I started seeing him and told him that walking small steps had started to help me. He said "closed chain" (I don't know this stuff) and I have continued to see him once a week. He does different things every time -- uses a bosu ball, a stability ball (small "micropushes" with it against a wall), etc. Every week is usually a new series of movements in different order and different intensity. He says what's important is increasing "vascularity." 
I am doing more strengthening stuff each week but it's been very gradual. Certainly not the kind of quad strengthening I had been doing before. I continue to walk around my apt. but I can also walk outside now without pain and use cardio machines which I couldn't use before. 
My recovery was so fast after reading your book, maybe because I didn't have a long history of pain -- only since Nov. 2011. Last week I went on a short trip to Vegas and walked pretty much all day for 3 days. I still have a tiny bit of pain in my knee here and there but it's more like a 1/10 versus 6/10. Am even feeling well enough to plan a trip to Europe this fall. 
I feel so grateful for having chanced upon your book. I've recommended it to others. By the way, I'm a 66-year-old woman. I should say I was quite flexible and athletic for my age before my knee pain.

Okay, a few comments:

I’m glad that walking around the apartment in short bursts provided such rapid, positive results. Sounds like that therapy fit Pat perfectly! However, other knee pain sufferers won’t see benefits that are that fast or remarkable -- so keep that in mind, everyone. All bad knees are different.

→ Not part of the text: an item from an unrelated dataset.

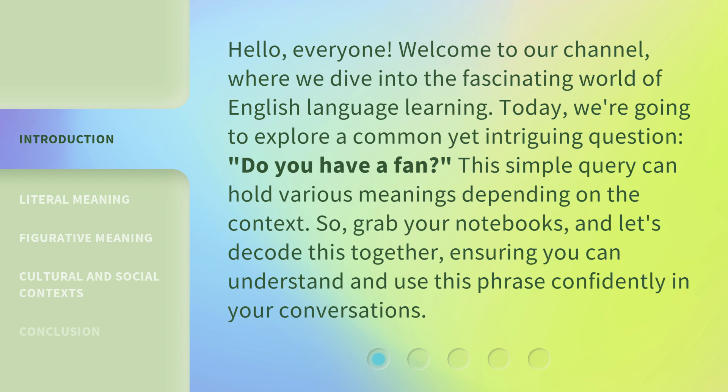This simple query can hold various meanings depending on the context. So grab your notebooks and let's decode this together, ensuring you can understand and use this phrase confidently in your conversations.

My favorite part of the story: She’s 66! And considering a total knee replacement! This is someone at the age where I’m sure many doctors would wag their heads sorrowfully and say, “I’m sorry, you’re just too old, your knees will never get better.”

But they did.

Let me be clear. It’s not that I think age doesn’t matter. It’s that I think age matters much less than the medical community currently thinks it does. You don’t suddenly lose the ability to heal when you reach 40, or 50, or 60. Maybe you heal more slowly. But you can still heal.

Congrats to Pat on finding a physical therapist whose approach suits her (and her bad knee). The description that struck me the most about his program was “very gradual.” The proper way to heal knees, I’m convinced, is very, very slowly and very, very patiently.